** AVAILABLE RECORDS **
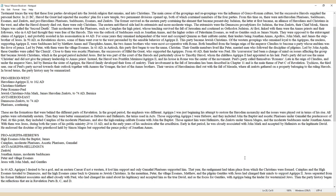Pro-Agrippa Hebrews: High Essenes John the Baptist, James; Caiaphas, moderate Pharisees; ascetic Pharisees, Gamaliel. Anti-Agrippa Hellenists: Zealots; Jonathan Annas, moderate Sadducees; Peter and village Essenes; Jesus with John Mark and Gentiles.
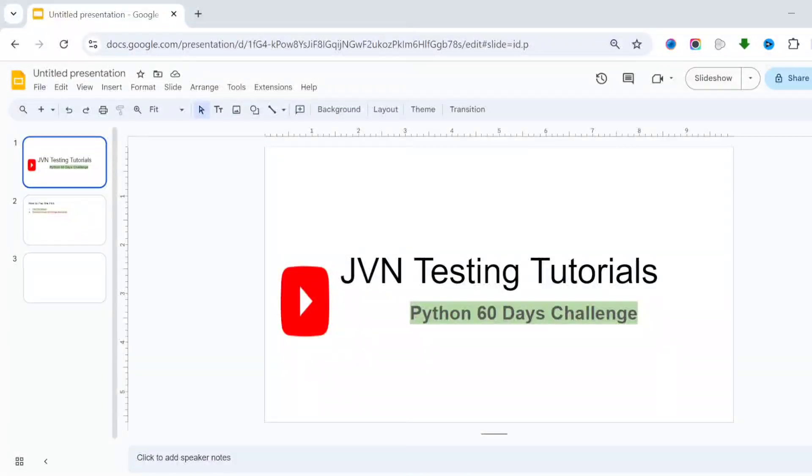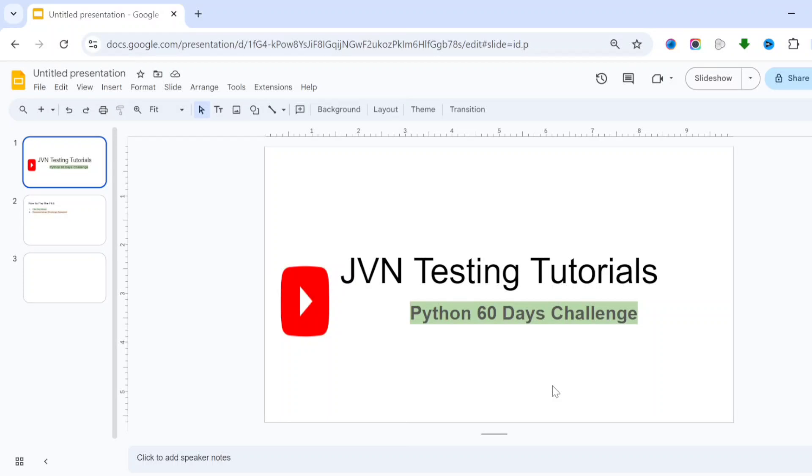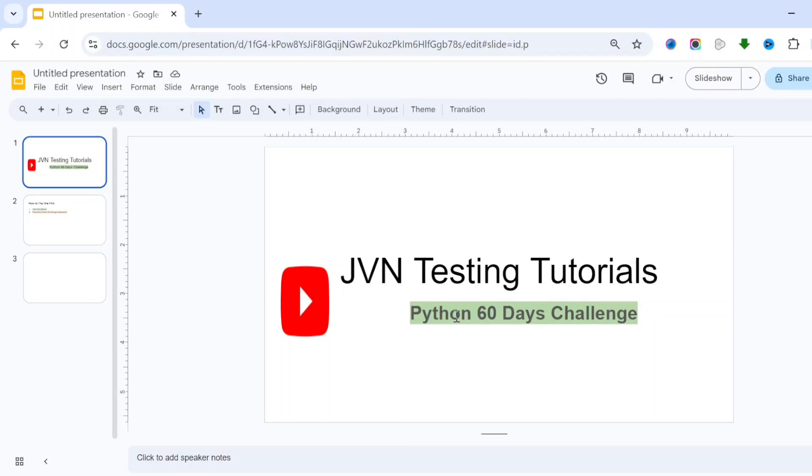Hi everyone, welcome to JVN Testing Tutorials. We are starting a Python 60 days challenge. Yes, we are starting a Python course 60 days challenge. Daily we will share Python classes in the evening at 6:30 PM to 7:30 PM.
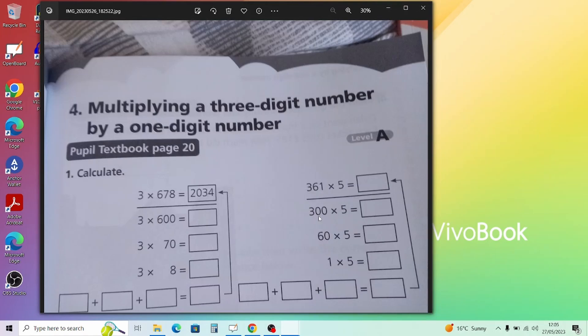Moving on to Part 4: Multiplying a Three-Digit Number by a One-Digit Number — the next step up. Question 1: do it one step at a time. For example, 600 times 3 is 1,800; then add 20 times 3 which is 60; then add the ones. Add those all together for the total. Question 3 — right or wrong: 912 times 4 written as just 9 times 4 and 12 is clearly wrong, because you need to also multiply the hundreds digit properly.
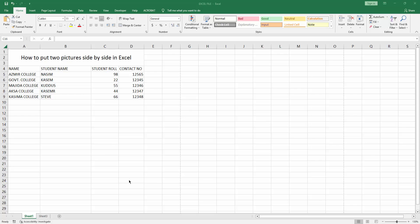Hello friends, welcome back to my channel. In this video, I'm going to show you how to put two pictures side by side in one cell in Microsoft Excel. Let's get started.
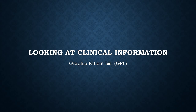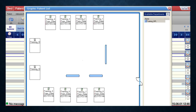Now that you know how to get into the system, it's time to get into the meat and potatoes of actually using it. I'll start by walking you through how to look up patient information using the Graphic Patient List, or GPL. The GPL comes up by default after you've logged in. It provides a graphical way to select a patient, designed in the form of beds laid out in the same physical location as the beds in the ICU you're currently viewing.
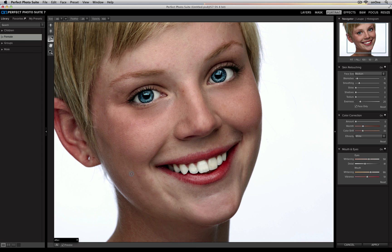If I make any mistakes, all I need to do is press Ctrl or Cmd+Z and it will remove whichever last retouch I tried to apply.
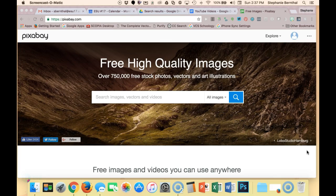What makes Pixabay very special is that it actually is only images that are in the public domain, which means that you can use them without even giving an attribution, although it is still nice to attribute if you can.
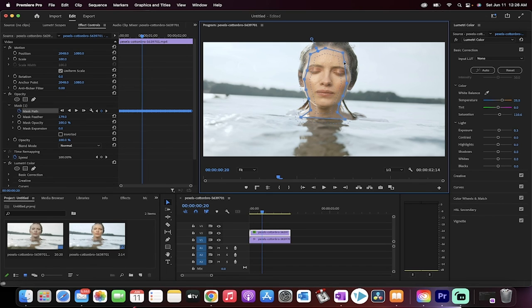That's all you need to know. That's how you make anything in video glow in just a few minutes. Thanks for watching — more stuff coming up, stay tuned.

** WORK INSTRUCTIONS **
Write out the entries above verbatim, without pictures.

** COMPLETED EXERCISE **
Pro-Agrippa Hebrews: High Essenes John the Baptist, James; Caiaphas, moderate Pharisees; ascetic Pharisees, Gamaliel. Anti-Agrippa Hellenists: Zealots; Jonathan Annas, moderate Sadducees; Peter and village Essenes; Jesus with John Mark and Gentiles.
Hi everyone, welcome to JVN Testing Tutorials. We are starting a Python 60 days challenge. Yes, we are starting a Python course 60 days challenge. Daily we will share Python classes in the evening at 6:30 PM to 7:30 PM.
Moving on to Part 4: Multiplying a Three-Digit Number by a One-Digit Number — the next step up. Question 1: do it one step at a time. For example, 600 times 3 is 1,800; then add 20 times 3 which is 60; then add the ones. Add those all together for the total. Question 3 — right or wrong: 912 times 4 written as just 9 times 4 and 12 is clearly wrong, because you need to also multiply the hundreds digit properly.
Hello friends, welcome back to my channel. In this video, I'm going to show you how to put two pictures side by side in one cell in Microsoft Excel. Let's get started.
Now that you know how to get into the system, it's time to get into the meat and potatoes of actually using it. I'll start by walking you through how to look up patient information using the Graphic Patient List, or GPL. The GPL comes up by default after you've logged in. It provides a graphical way to select a patient, designed in the form of beds laid out in the same physical location as the beds in the ICU you're currently viewing.
If I make any mistakes, all I need to do is press Ctrl or Cmd+Z and it will remove whichever last retouch I tried to apply.
What makes Pixabay very special is that it actually is only images that are in the public domain, which means that you can use them without even giving an attribution, although it is still nice to attribute if you can.
That's all you need to know. That's how you make anything in video glow in just a few minutes. Thanks for watching — more stuff coming up, stay tuned.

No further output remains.